En las tierras del centro, donde los campos se extendían como mantos de oro y los ríos serpenteaban como cintas de zafiro, se alzaba el reino de Campoverde. Sus llanuras estaban salpicadas de trigo que ondeaba bajo el sol como olas de un mar sin fin, y sus bosques de robles y hayas susurraban con hojas que brillaban en tonos de esmeralda y ámbar. Las aldeas se alzaban con casas de piedra y tejados de paja, rodeadas de huertos donde crecían manzanas rojas y peras doradas, y el aroma del pan recién horneado flotaba en el aire al amanecer.
El castillo, asentado en una colina suave, era una estructura de ladrillo rojo y torres redondas que parecían crecer de la tierra misma, con jardines llenos de rosales y fuentes que cantaban día y noche. Era un reino de abundancia y calidez, gobernado por un rey de rostro amable, cuya risa llenaba los salones como el tañido de una campana, y una reina de mirada serena, que cultivaba hierbas curativas en macetas de arcilla.
En este reino vivía el príncipe Leonel, un joven de dieciocho años cuya presencia era como un rayo de sol entre las nubes. Su cabello era castaño como la corteza de los robles, cayendo en mechones desordenados sobre su frente, y sus ojos, verdes como los campos en primavera, tenían un brillo juguetón. Era apuesto, con una sonrisa que podía desarmar a cualquiera, y su voz era cálida y clara, capaz de contar historias que hacían reír a los niños.
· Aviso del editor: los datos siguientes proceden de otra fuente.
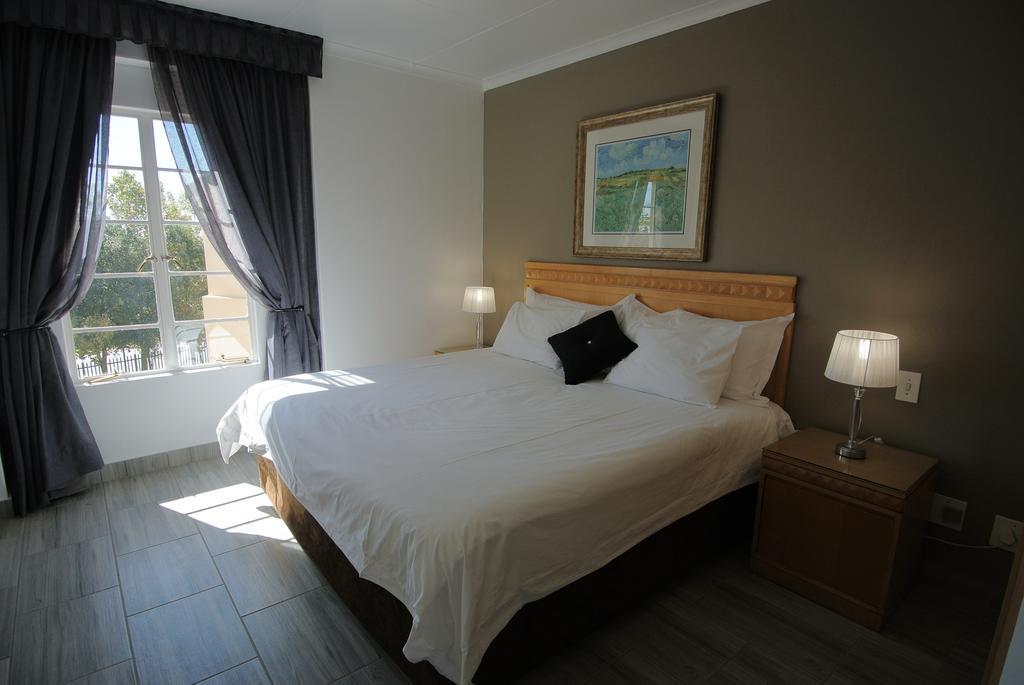 Airport Inn And Suites Edenvale Eksteriør bilde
Era valiente cuando trepaba los árboles más altos y justo en sus tratos con los aldeanos, pero cargaba un defecto que sus padres, con susurros preocupados tras las cortinas de lino, notaban: era demasiado indiferente, casi egoísta en su despreocupación. No le importaba el sufrimiento ajeno si no lo veía con sus propios ojos, y prefería disfrutar de sus días sin cargar con las necesidades de otros. "No quiero ser príncipe", decía, tumbado en la hierba con una manzana en la mano, "las princesas y los príncipes deben darlo todo, y yo prefiero guardar mi tiempo para mí". Soñaba con ser un juglar, libre de la corona, cantando canciones y viviendo aventuras sin atarse a un reino.
Una mañana de verano, cuando el sol pintaba los campos con tonos de miel y las abejas zumbaban entre las flores silvestres, Leonel salió al bosque con su laúd colgado al hombro. Buscaba un claro tranquilo donde tocar sus melodías, lejos de las peticiones de los consejeros que lo llamaban al castillo para aprender las leyes y escuchar las quejas de los aldeanos. Mientras caminaba entre los robles, cuyos troncos estaban cubiertos de musgo verde, un gemido débil lo detuvo.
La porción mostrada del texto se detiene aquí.